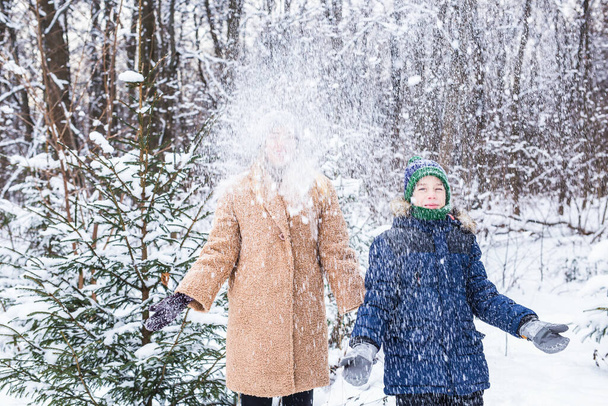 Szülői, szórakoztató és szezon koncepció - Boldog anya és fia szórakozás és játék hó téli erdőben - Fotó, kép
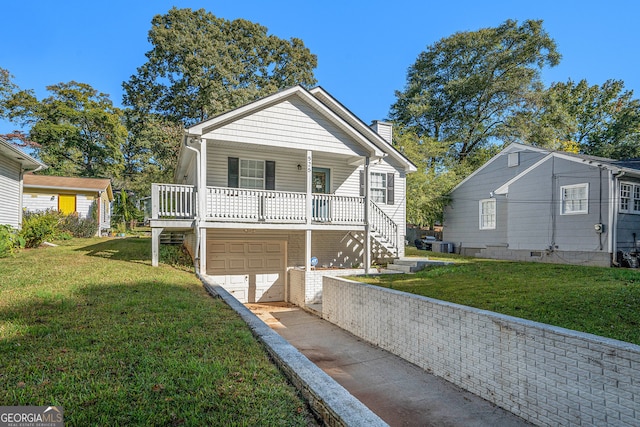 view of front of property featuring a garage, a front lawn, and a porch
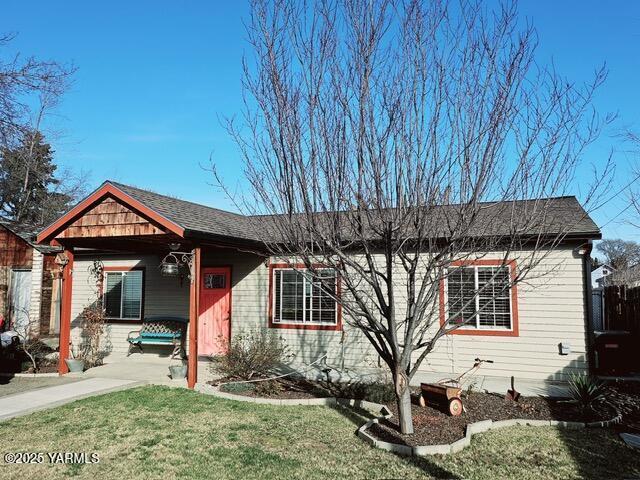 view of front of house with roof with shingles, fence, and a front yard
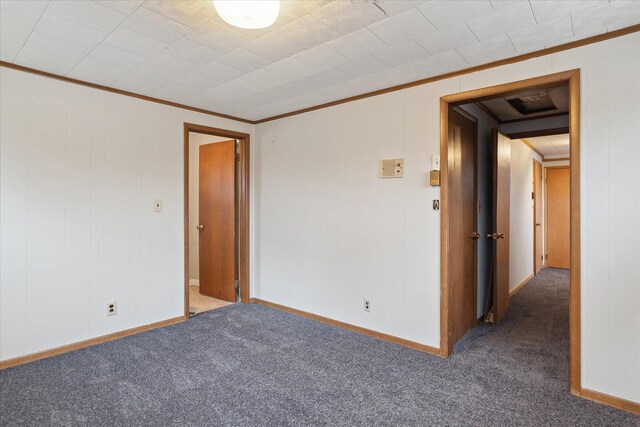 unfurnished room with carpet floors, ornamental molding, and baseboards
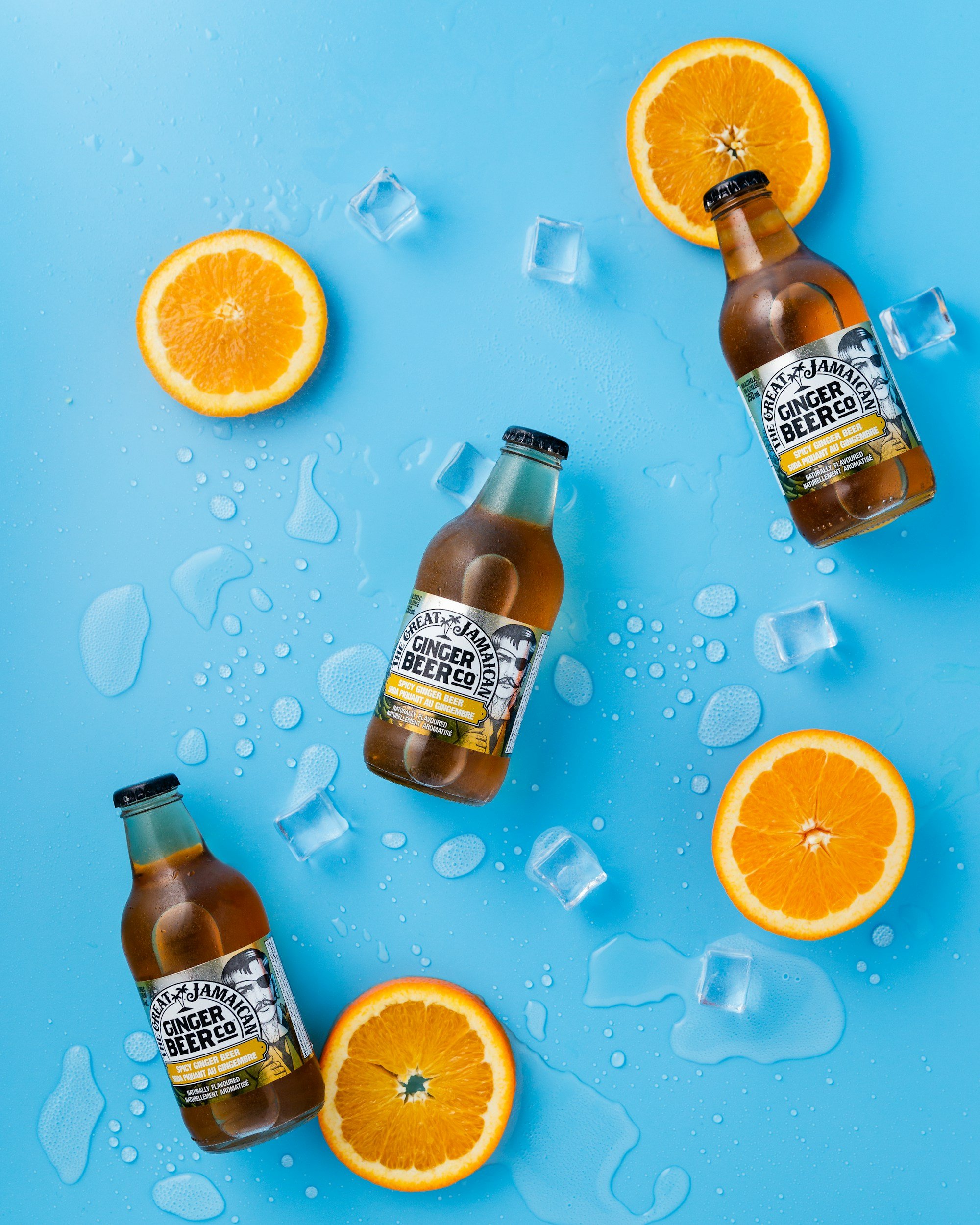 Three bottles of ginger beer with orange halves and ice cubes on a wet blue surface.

= = = =

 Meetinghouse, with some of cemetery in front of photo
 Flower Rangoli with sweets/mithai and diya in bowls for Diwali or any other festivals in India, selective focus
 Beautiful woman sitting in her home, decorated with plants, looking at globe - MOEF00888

= = = =

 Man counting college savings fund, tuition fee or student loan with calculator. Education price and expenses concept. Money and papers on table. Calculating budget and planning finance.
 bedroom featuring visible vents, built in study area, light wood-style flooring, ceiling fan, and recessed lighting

= = = =

## WORK INSTRUCTIONS
What you return must match the lines above from the one with "view of front of property" through the one with "Three bottles of" exactly, with both ends included and the pictures excluded.

## RESPONSE AREA
 view of front of property featuring a garage, a front lawn, and a porch
 view of front of house with roof with shingles, fence, and a front yard
 unfurnished room with carpet floors, ornamental molding, and baseboards
 Three bottles of ginger beer with orange halves and ice cubes on a wet blue surface.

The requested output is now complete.